ANAND, K. VENKATASWAMI
ACT:
HEADNOTE:
DR.
ANAND. J.
This
appeal by special leave is directed against the judgment and order of the High
Court of Judicature Bombay (Panaji Bench, Goa)
dated 5th of July 1990.
The
case has a checquered history but we shall refer to the facts to the extent
relevant for the purpose of disposal of this appeal. On 23rd July 1961 the predecessors of respondents
filed a Civil suit in the Court of Civil Judge (Senior Division, Bicholin) for
declaration that they are the owners and possessors of the disputed properties.
That suit was tried under the portuguese Civil procedure Code.
After
going through the pleadings and the documents and especificacao was drawn up by
the trial court besides a questionario, (issues in the case) . The especificacao
and the questionario were drawn up under Articles 515 and 516 of the portuguese
Civil procedure Code. Objections filed to the especificacao were decided on
10.3.62. Parties led evidence, both oral and documentary in support of their
respective claims. Vide judgment and order dated 27.7.67, the trial court
dismissed the suit. The plaintiffs in the suit filed a first appeal against the
judgment and order dated 27.7.67 in the court of the learned Judicial
Commissioner. After hearing the parties, the learned Judicial Commissioner
found the trial court had not applied its mind to the issue of title as also to
the effect of certain documents produced by the parties which were in the
nature of agreements. The learned Judicial Commissioner appointed Mr. Pinto Menezes,
as Local Commissioner who was to inspect the suit land, examine the documents
on the record but without recording any further evidence to submit a report,
after considering the evidence already on the record, regarding the issue of
ownership of the disputed immovable property. The Local Commissioner submitted hes
report on 8.11.69, holding that at the plaintiffs were the owners of the
immovable property known as " Bismachotembo". It was also found by
the Local Commissioner that immovable property called disputed land which lay
between the aforesaid two immovable properties, belongs to the plaintiffs in
the suit, who therefore had title to that property. The learned Judicial
Commissioner perused the report of the Local Commissioner and found that he had
not given any report on the question of possession of the property in dispute.

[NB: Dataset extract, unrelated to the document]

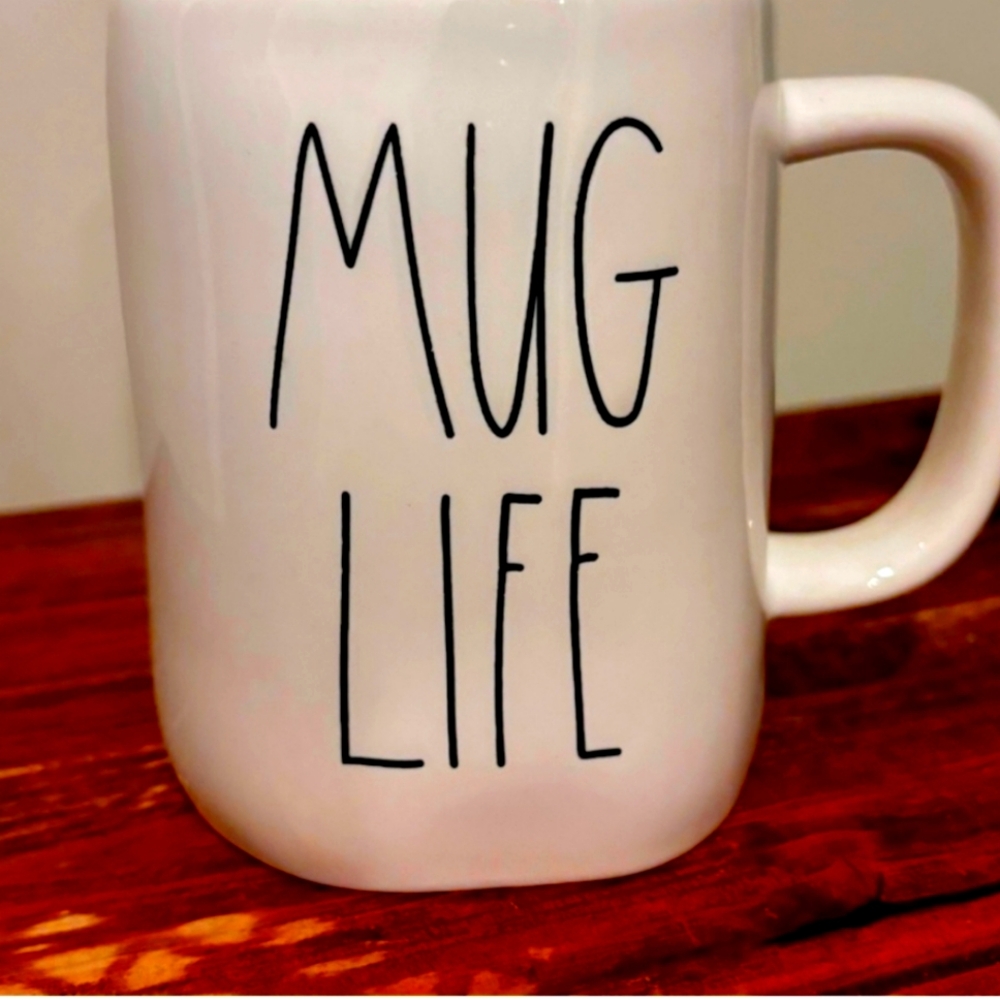 RAE DUNN DINIING COFFEE ☕️ CUP NWT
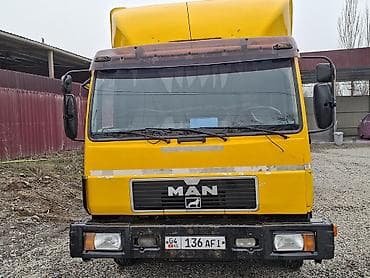 Proton: Кабина MAN Колдонулган lalafo.kg да — 3 Proton: Кабина MAN Колдонулган — 3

Vide order dated 9.2.70, the learned Judicial Commissioner remanded the case to
the court of learned Civil Judge (Senior Division) to adjudicate "on the
issue off possession and prescription" as claimed by the defendants on the
basis of the evidence already available on the record after taking note of the
report of the Local Commissioner. The learned Civil Judge (Senior Division),
after hearing learned counsel for the parties on the issue of possession and
prescription, Vide his order dated 4.8.71, came to the conclusion that the
plaintiffs were in possession of the disputed piece of immovable property and
that the defendants had failed to prove that they had been in possession of the
disputed land by prescription, as alleged by them. After recording this
finding, the learned Civil Judge forwarded the finding on the issue of
possession and prescription along with the record of the case to the court of
the learned Judicial Commissioner. In the meanwhile, the code of Civil
procedure, as applicable to the rest of the courts in India, was also made applicable to the
courts in the territory of Goa with effect from, 15.6.66.
The
learned Judicial Commissioner, therefore, noticed that under the Civil
procedure Code read with the Civil Courts Act 1965, the court of the Judicial
Commissioner no longer had jurisdiction to entertain and hear an appeal from
the judgment, order or decree passed by the learned Civil Judge and that such
an appeal could lie only before the concerned District Judge. The learned
Judicial Commissioner, vide order dated 31.8.1972 forwarded the recorded of the
case to the District Judge at Panaji for disposal of the appeal.
Both
the original plaintiff as well as the original defendants having died in the
meanwhile, their legal representatives were brought on the record to prosecute
the appeal. The learned District Judge at panaji heard the appeal and vide
judgment and order dated 29.3.84, set aside the judgment and decree of Civil
Judge dated 27.7.67 and passed a decree in the suit in favour of the
plaintiffs. The defendants in that suit, challenged the judgment and decree
dated 29.3.1984 passed by the District Judge, through a second appeal in the Panaji
Bench of the High Court. (Second Appeal No.30 of 1984). After hearing learned
counsel for the parties, a learned single Judge of the High Court found that
the First Appellate Court had failed to take into consideration the especificacao
prepared by the trial court and vide judgment dated 31.3.89 set aside the
judgment and decree of the First Appellate Court dated 29.3.84 and remanded the
appeal to the District Judge to decide the first appeal afresh after taking
into consideration the especificacao and other material on the record. After remand
of the appeal, the learned District Judge heard the parties and vide judgment
and order dated 30.9.89 set aside the judgment of the trial court dated 27.7.67
and allowing the appeal, the District Judge passed a decree for declaration and
possession of the suit property in favour of the original plaintiffs. It was
found by the learned District Judge that the plaintiffs were the owners of the
property bearing No.5501 , which included the disputed immovable property also.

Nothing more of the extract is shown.